Stage fright can induce the shakes but it can also provoke a complete physical freeze-up, as well as a total verbal drying up – all directly under the lights. So why and how does it take hold? Can it be defeated? And what does it seem like to be gripped by the actor’s nightmare?

Meera Syal describes a classic anxiety dream: “I discover myself in a outfit I don’t recognise, in a role I can’t recall, viewing audiences while I’m unclothed.” Years of experience did not make her immune in 2010, while staging a preview of Willy Russell’s Shirley Valentine. “Presenting a one-woman show for an extended time?” she says. “That’s the aspect that is going to cause stage fright. I was truly thinking of ‘running away’ just before opening night. I could see the exit opening onto the garden at the back and I thought, ‘If I escaped now, they wouldn’t be able to catch me.’”

Syal gathered the courage to stay, then quickly forgot her words – but just persevered through the confusion. “I looked into the unknown and I thought, ‘I’ll overcome it.’ And I did. The persona of Shirley Valentine could be made up because the entire performance was her talking to the audience. So I just walked around the stage and had a little think to myself until the words came back. I winged it for several moments, uttering total nonsense in character.”

‘I totally lost it’ … Larry Lamb, left, with Samuel West in Hamlet at the RSC, 2001.

Larry Lamb has dealt with intense anxiety over decades of performances. When he commenced as an beginner, long before Gavin and Stacey, he enjoyed the preparation but performing filled him with fear. “The moment I got in front of an audience,” he says, “it all began to become unclear. My knees would start trembling uncontrollably.”

The performance anxiety didn’t ease when he became a career actor. “It went on for about three decades, but I just got more adept at masking it.” In 2001, he dried up as Claudius in Hamlet, for the Royal Shakespeare Company. “It was the initial try-out at Stratford-upon-Avon. I was just into my initial speech, when Claudius is addressing the people of Denmark, when my words got trapped in space. It got increasingly bad. The full cast were up on the stage, staring at me as I totally lost it.”

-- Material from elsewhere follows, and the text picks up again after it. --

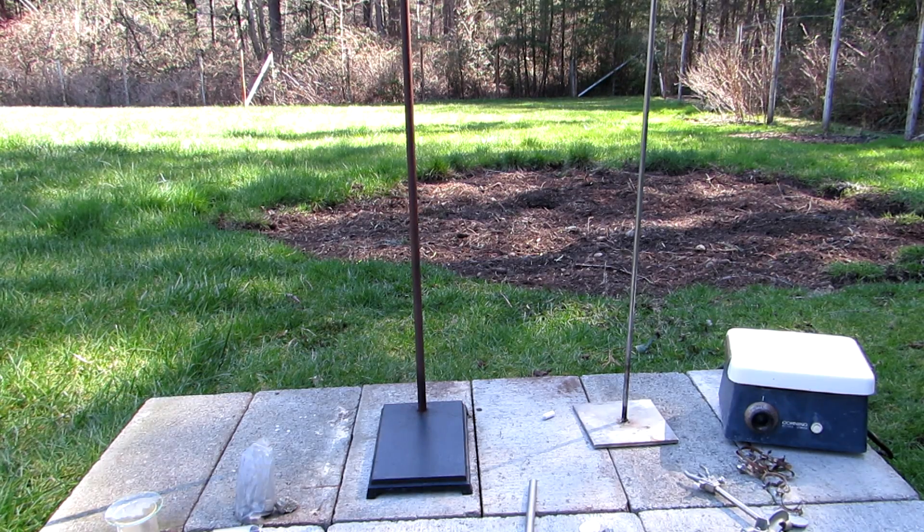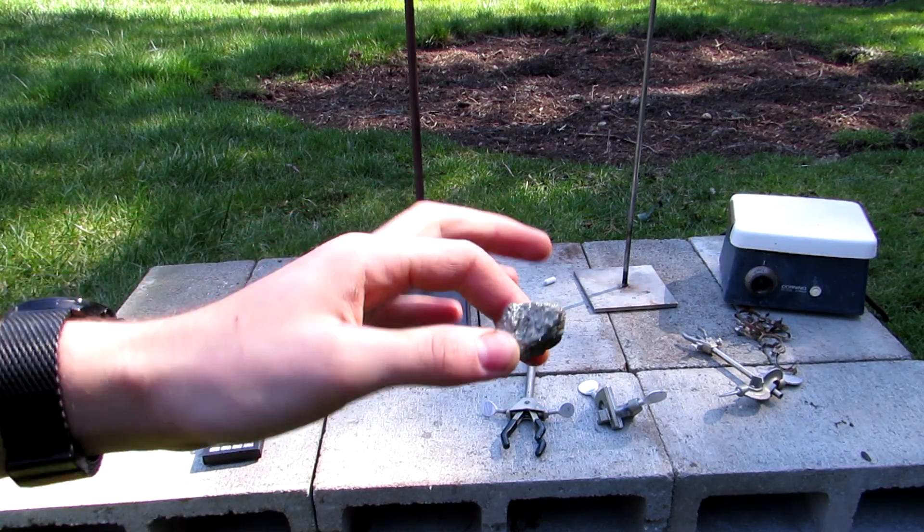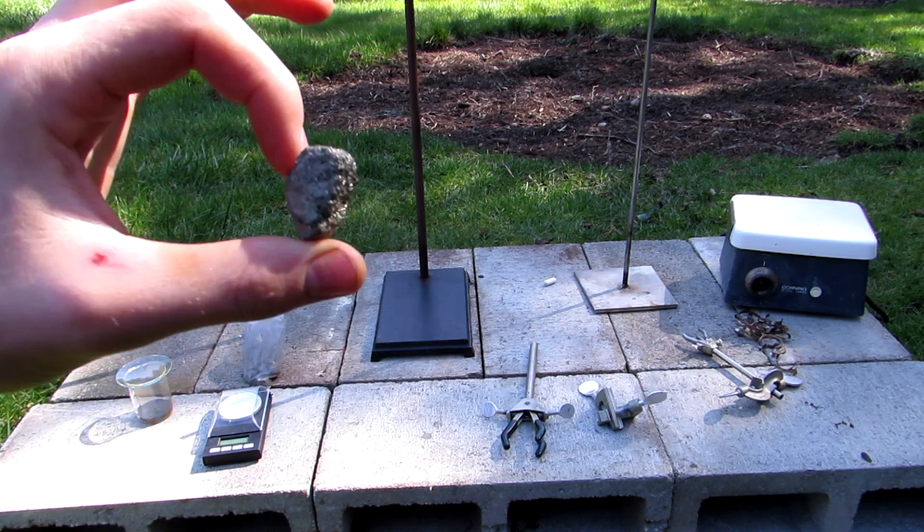Hey guys and welcome back to How to Make Elements from Household Materials. Today's element will be sulfur. We will be extracting some sulfur from iron pyrite, also known as fool's gold.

He got through that act but the leader recognised what had happened. “He saw I wasn’t in command but only appearing I was. He said, ‘You’re not interacting with the audience. When the illumination come down, you then shut them out.’”

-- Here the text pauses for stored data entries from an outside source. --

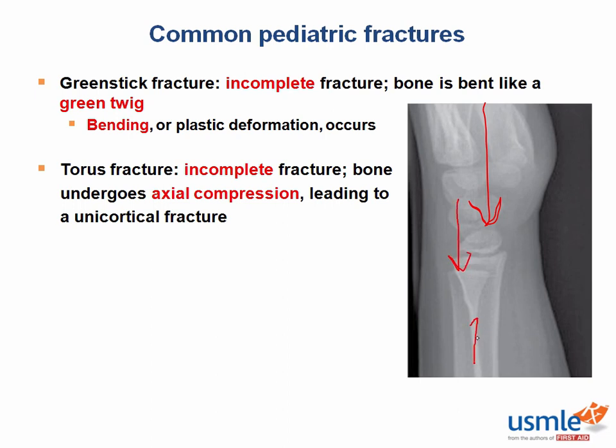Here are your compressive forces. Here's your subtle fracture seen here on one side of the bone. In summary, just remember that kids are pliable. Greenstick fractures result from a bending force, and the plastic deformation that occurs is usually evident on imaging. Torus or buckle fractures result from an axial force, and the bone itself will not look bent. Both of these appear as incomplete unicortical fracture lines that present most commonly in the pediatric upper extremities.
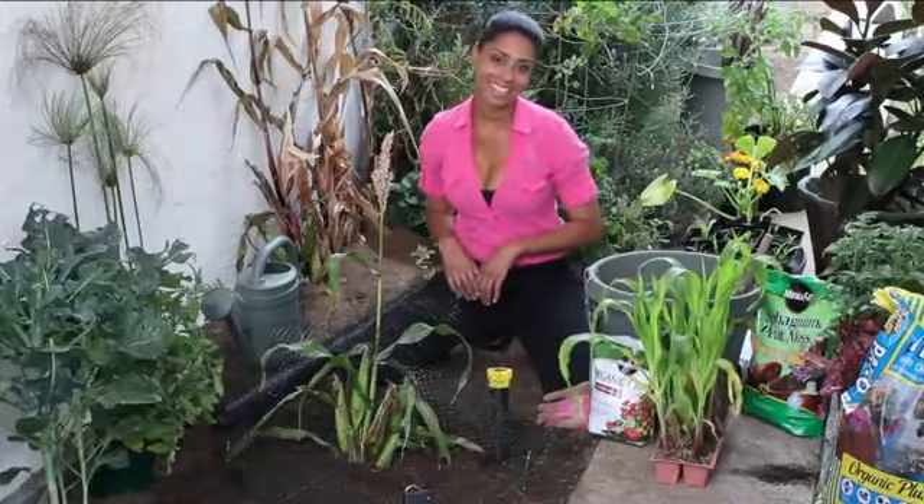I'm farm to table chef Tekka Thompson at TekkaThompson.com. That is how to keep sparrows out of your corn. Thank you for watching.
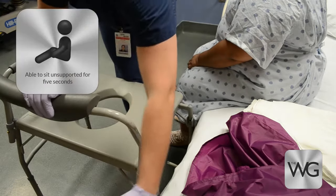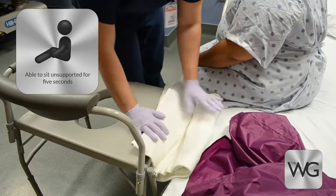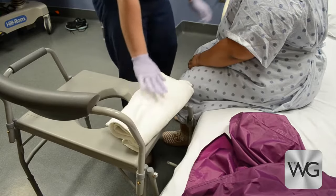First, place the bedside commode near the foot of the bed, remove the side rail, and ensure the commode is slightly lower than the bed mattress.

The director left the house lights on so Lamb would have to acknowledge the audience’s presence. It was a breakthrough in the actor’s career. “Gradually, it got easier. Because we were performing the show for the bulk of the year, gradually the fear disappeared, until I was poised and directly engaging with the audience.”

Now 78, Lamb no longer has the vigor for theatre but enjoys his gigs, presenting his own writing. He says that, as an actor, he kept getting in the way of his character. “You’re not allowing the freedom – it’s too much you, not enough persona.”

Harmony Rose-Bremner, who was selected in The Years in 2024, agrees. “Self-awareness and uncertainty go opposite everything you’re trying to do – which is to be free, relax, completely immerse yourself in the role. The challenge is, ‘Can I make space in my mind to let the role through?’” In The Years, as one of five actors all playing the same woman in distinct periods of her life, she was excited yet felt daunted. “I’ve been raised doing theatre. It was always my comfort zone. I didn’t ever think I’d ever feel nerves.”

‘Like your breath is being pulled away’ … Harmony Rose-Bremner, right, with the cast of The Years.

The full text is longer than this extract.